“La firma del Protocollo d’intesa tra il
Ministero dell’Agricoltura, della Sovranità Alimentare e delle Foreste e
l’Associazione Nazionale Città del Tartufo rappresenta un passaggio di grande
rilievo perché consolida una visione condivisa: il tartufo non è soltanto
un’eccellenza agroalimentare, ma una risorsa strategica capace di generare
sviluppo, tutelare il patrimonio forestale e offrire nuove opportunità alle
aree interne”.
Lo ha dichiarato l’Assessore alle Politiche Agricole, Alimentari e Forestali
della Regione Basilicata, Carmine Cicala, intervenuto ieri alla Camera dei
Deputati in occasione della sottoscrizione del Protocollo d’intesa tra il MASAF
e l’Associazione Nazionale Città del Tartufo, alla presenza del Ministro
Francesco Lollobrigida, del Sottosegretario Patrizio La Pietra, dei
rappresentanti del Ministero e degli amministratori locali, tra cui il Comune
di Scanzano Jonico (MT) dei territori aderenti alla rete nazionale.
“La Basilicata – ha aggiunto l’assessore – arriva a questo appuntamento dopo un
percorso avviato con convinzione. Abbiamo aderito come Regione all’Associazione
Nazionale Città del Tartufo, accompagnato la crescita della rete dei Comuni
lucani, valorizzato il patrimonio tartufigeno regionale e costruito una
strategia che mette in relazione tutela ambientale, sviluppo rurale, promozione
territoriale e crescita economica. È una visione che coinvolge istituzioni,
raccoglitori, ALSIA, sistema della ricerca, ristorazione e imprese, con l’obiettivo
di rafforzare un’intera filiera”.
“Il percorso avviato in Basilicata – riprende Cicala – dimostra come il tartufo
possa diventare il punto di incontro tra politica forestale, tutela della
biodiversità, sviluppo delle aree interne, turismo esperienziale e
valorizzazione dell’agroalimentare. Un modello che nasce dai territori e che
intendiamo mettere a disposizione della strategia nazionale, nella convinzione
che le migliori esperienze acquistino valore quando vengono condivise”.
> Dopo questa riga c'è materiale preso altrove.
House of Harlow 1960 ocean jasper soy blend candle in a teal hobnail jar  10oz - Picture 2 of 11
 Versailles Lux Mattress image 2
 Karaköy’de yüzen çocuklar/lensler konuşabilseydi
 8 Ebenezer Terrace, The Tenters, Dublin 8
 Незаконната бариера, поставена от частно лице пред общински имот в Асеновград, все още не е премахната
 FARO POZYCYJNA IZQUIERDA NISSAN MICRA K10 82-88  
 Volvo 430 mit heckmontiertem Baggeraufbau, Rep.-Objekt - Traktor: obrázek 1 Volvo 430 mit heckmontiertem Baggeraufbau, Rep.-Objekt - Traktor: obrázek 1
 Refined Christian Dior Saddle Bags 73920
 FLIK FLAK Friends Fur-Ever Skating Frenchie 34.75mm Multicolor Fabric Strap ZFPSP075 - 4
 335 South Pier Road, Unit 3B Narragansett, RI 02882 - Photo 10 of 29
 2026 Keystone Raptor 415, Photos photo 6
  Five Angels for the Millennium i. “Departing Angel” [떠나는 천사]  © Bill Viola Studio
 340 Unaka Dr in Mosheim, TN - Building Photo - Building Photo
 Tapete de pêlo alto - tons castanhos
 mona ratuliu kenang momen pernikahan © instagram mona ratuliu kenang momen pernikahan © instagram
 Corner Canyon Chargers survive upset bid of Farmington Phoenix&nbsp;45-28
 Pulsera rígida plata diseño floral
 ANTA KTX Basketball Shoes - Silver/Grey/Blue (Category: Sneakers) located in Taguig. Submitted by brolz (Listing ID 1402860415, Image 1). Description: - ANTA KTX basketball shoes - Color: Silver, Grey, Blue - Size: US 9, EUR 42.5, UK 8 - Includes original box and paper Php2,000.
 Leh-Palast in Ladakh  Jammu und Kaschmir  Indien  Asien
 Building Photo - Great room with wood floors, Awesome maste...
Piena soddisfazione e condivisione della intesa è stata espressa anche dall’Amministrazione comunale di Scanzano Jonico. “In qualità di Sindaco – ha dichiarato Cariello - ho partecipato presso la Camera dei Deputati alla firma del citato protocollo d’intesa. Per Scanzano Jonico è un orgoglio essere parte di questo percorso, che rafforza il legame tra territorio, ambiente, agricoltura e nuove opportunità di sviluppo. Anche la comunità di Scanzano Jonico - prosegue il primo cittadino - guarda con estremo interesse a questa iniziativa. Il tartufo non è solo un'eccellenza gastronomica straordinaria, ma è l'emblema di un legame profondo tra uomo e natura, custodito attraverso l'arte della cerca e della cavatura. Promuovere questa cultura significa creare nuove economie legate al turismo enogastronomico, capaci di attrarre visitatori al di fuori dei flussi stagionali tradizionali e, soprattutto, di offrire un'alternativa concreta contro il fenomeno dello spopolamento delle aree interne e rurali, una sfida che ci vede in prima linea”.